**Exercise requirements**:
An exact reproduction of all entries is expected.

**Records to use**:

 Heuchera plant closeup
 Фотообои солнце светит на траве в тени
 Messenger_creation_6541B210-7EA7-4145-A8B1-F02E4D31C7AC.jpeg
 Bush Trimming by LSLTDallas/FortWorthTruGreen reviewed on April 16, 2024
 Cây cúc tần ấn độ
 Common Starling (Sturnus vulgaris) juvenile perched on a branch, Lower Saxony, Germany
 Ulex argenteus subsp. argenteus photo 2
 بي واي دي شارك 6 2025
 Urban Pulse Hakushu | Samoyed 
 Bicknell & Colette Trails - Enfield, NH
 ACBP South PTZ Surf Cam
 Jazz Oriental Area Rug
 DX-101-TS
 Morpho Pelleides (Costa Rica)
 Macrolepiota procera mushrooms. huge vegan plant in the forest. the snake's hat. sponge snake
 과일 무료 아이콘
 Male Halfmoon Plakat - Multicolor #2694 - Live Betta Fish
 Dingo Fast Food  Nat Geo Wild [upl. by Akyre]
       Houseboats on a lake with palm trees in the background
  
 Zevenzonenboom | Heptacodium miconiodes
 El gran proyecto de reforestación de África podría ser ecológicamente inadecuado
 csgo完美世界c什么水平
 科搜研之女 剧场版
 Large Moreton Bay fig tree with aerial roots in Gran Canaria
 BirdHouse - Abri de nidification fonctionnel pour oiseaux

**Worked solution**:
 Heuchera plant closeup
 Фотообои солнце светит на траве в тени
 Messenger_creation_6541B210-7EA7-4145-A8B1-F02E4D31C7AC.jpeg
 Bush Trimming by LSLTDallas/FortWorthTruGreen reviewed on April 16, 2024
 Cây cúc tần ấn độ
 Common Starling (Sturnus vulgaris) juvenile perched on a branch, Lower Saxony, Germany
 Ulex argenteus subsp. argenteus photo 2
 بي واي دي شارك 6 2025
 Urban Pulse Hakushu | Samoyed 
 Bicknell & Colette Trails - Enfield, NH
 ACBP South PTZ Surf Cam
 Jazz Oriental Area Rug
 DX-101-TS
 Morpho Pelleides (Costa Rica)
 Macrolepiota procera mushrooms. huge vegan plant in the forest. the snake's hat. sponge snake
 과일 무료 아이콘
 Male Halfmoon Plakat - Multicolor #2694 - Live Betta Fish
 Dingo Fast Food  Nat Geo Wild [upl. by Akyre]
       Houseboats on a lake with palm trees in the background
  
 Zevenzonenboom | Heptacodium miconiodes
 El gran proyecto de reforestación de África podría ser ecológicamente inadecuado
 csgo完美世界c什么水平
 科搜研之女 剧场版
 Large Moreton Bay fig tree with aerial roots in Gran Canaria
 BirdHouse - Abri de nidification fonctionnel pour oiseaux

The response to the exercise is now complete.